Title: Transformer Impedance Matching - effect of absolute number of turns vs ratio
Post by: cadr on April 02, 2021, 05:06:18 pm
I am playing with an RF amplifier design, and I need to transform my 50 ohm load to something higher to make the transistors not need to work so hard.  I was going to make a transformer with a bifilar wired toroid.  I can set the turn ratio to do what I need, but I am confused on how the absolute number of turns matter.  As long as I have the desired ratio of turns, how does the primary having 10 turns vs 20 turns affect things?

Thanks!
Title: Re: Transformer Impedance Matching - effect of absolute number of turns vs ratio
Post by: TimFox on April 02, 2021, 05:46:14 pm
In general with transformers, the absolute number of turns affects the magnetizing inductance, one of the two important parasitic inductances in the model.  At low frequencies, the magnetizing inductance shunts the ideal transformer inside the model, and steals AC current from the load.  Of course, it also affects the leakage inductance, the other important parasitic inductance, which is important at high frequencies.  The ideal transformer, governed only by the turns ratio, is inside the parasitic components.

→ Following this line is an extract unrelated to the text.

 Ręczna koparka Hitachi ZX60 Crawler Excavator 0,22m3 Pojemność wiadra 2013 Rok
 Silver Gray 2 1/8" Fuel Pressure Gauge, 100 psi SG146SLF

Title: Re: Transformer Impedance Matching - effect of absolute number of turns vs ratio
Post by: cadr on April 02, 2021, 05:57:33 pm
Thanks!

Any suggestion about how I determine what impedance/# of primary turns I should aim for if I am using this at 7MHz?
Title: Re: Transformer Impedance Matching - effect of absolute number of turns vs ratio
Post by: TimFox on April 02, 2021, 06:04:37 pm
You want the magnetizing inductance's reactance (essentially the inductance of the primary winding) to be much higher than the load impedance that the primary winding presents to the active devices at 7 MHz.  However, the leakage inductance's absolute value will also increase with more turns, but the high coupling of the bifilar winding is good for low leakage.  This is why such transformers have a relatively high bandwidth.  For a simple 1:1 ratio model, the low-frequency cutoff (at -3 dB) is where the magnetizing inductance reactance equals the load impedance, and the high-frequency cutoff is where the leakage inductance reactance equals the load impedance (ignoring parasitic capacitance).

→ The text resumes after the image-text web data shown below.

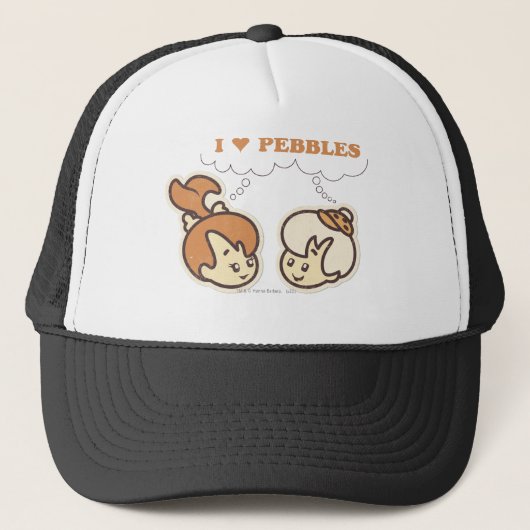 BAMM-BAMM™ houdt van PEBBLES™ Trucker Pet (Voorkant)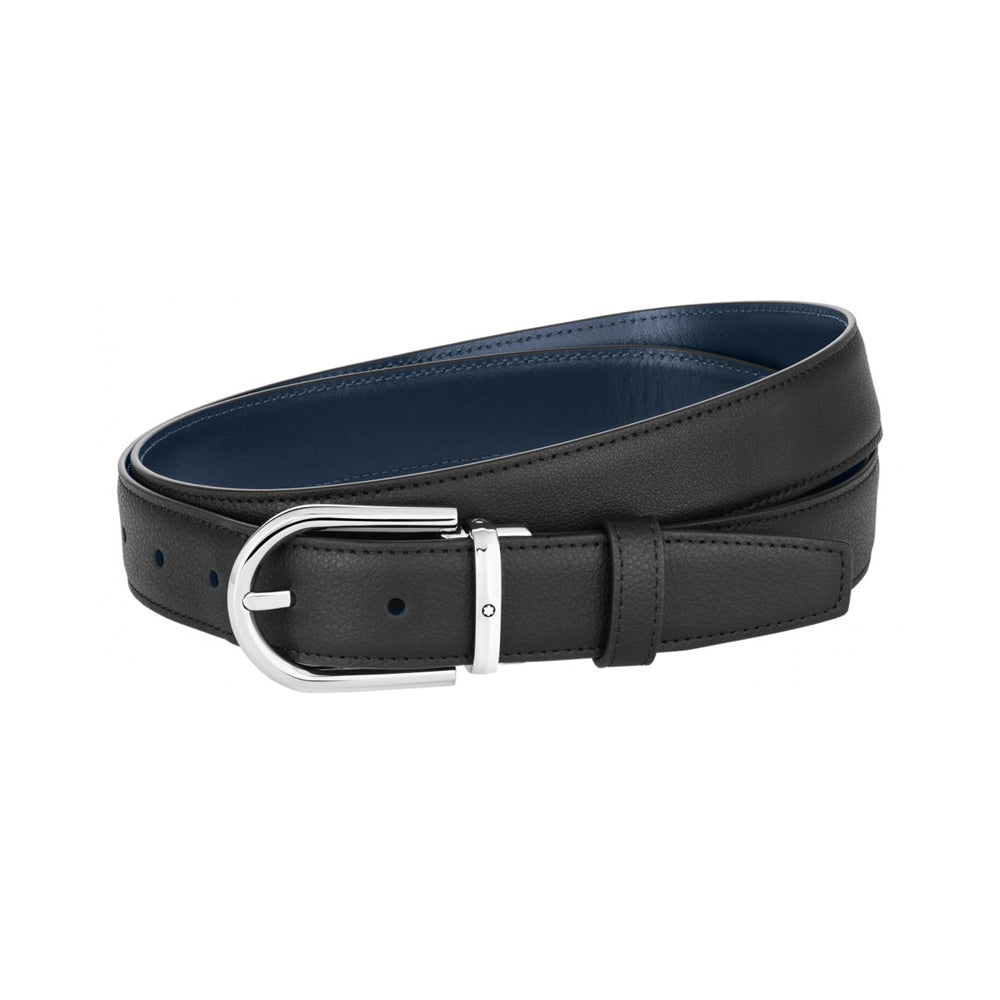 Montblanc Horseshoe Reversible Belt Mens 128756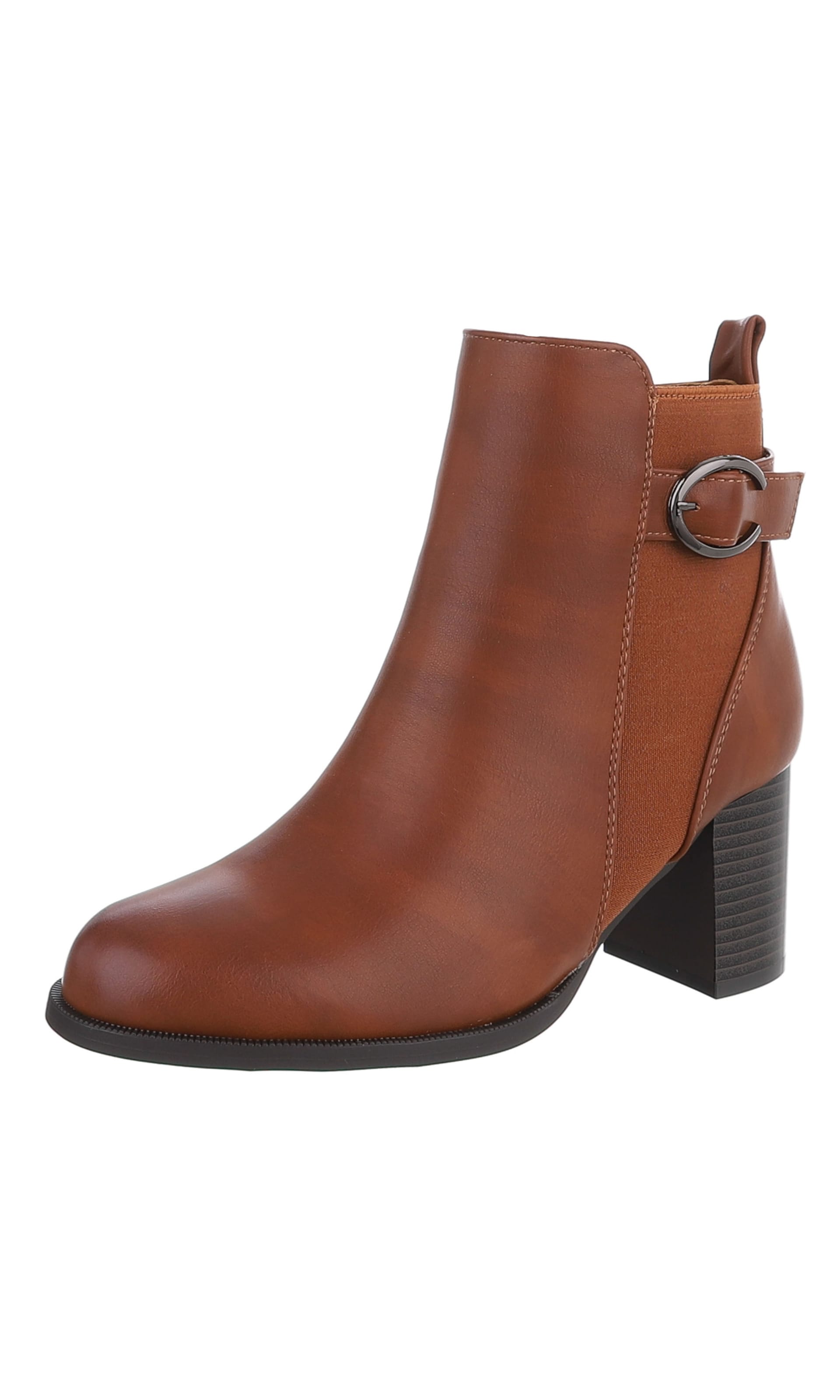 Ital-Design Ankle Boots in Brown: front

One of many articles in the literature:  http://mwl.diet.uniroma1.it/people/pisa/SISTEMI_RF/MATERIALE%20INTEGRATIVO/Kikkert_RF_Electronics_Course/05-RF_Electronics_Kikkert_Ch3_RFTransformers.pdf (http://mwl.diet.uniroma1.it/people/pisa/SISTEMI_RF/MATERIALE%20INTEGRATIVO/Kikkert_RF_Electronics_Course/05-RF_Electronics_Kikkert_Ch3_RFTransformers.pdf)